## [Exercise directions]
Give back only the line containing "Track Runner Sprinting 的图像结果" and every line after it through the end of the data below, transcribed exactly.
##### Dataset content #####
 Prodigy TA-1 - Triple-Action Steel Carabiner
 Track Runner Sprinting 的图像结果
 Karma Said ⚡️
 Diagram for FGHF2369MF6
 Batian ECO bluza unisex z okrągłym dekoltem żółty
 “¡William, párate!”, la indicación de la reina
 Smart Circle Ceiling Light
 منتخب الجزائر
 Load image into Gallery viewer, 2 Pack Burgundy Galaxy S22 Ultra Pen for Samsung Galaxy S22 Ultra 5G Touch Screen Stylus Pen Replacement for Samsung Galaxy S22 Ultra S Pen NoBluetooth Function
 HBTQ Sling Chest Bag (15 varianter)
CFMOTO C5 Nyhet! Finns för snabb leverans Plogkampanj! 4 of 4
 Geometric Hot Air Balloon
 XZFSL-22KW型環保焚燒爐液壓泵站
#####
## [Solution for this task]
 Track Runner Sprinting 的图像结果
 Karma Said ⚡️
 Diagram for FGHF2369MF6
 Batian ECO bluza unisex z okrągłym dekoltem żółty
 “¡William, párate!”, la indicación de la reina
 Smart Circle Ceiling Light
 منتخب الجزائر
 Load image into Gallery viewer, 2 Pack Burgundy Galaxy S22 Ultra Pen for Samsung Galaxy S22 Ultra 5G Touch Screen Stylus Pen Replacement for Samsung Galaxy S22 Ultra S Pen NoBluetooth Function
 HBTQ Sling Chest Bag (15 varianter)
CFMOTO C5 Nyhet! Finns för snabb leverans Plogkampanj! 4 of 4
 Geometric Hot Air Balloon
 XZFSL-22KW型環保焚燒爐液壓泵站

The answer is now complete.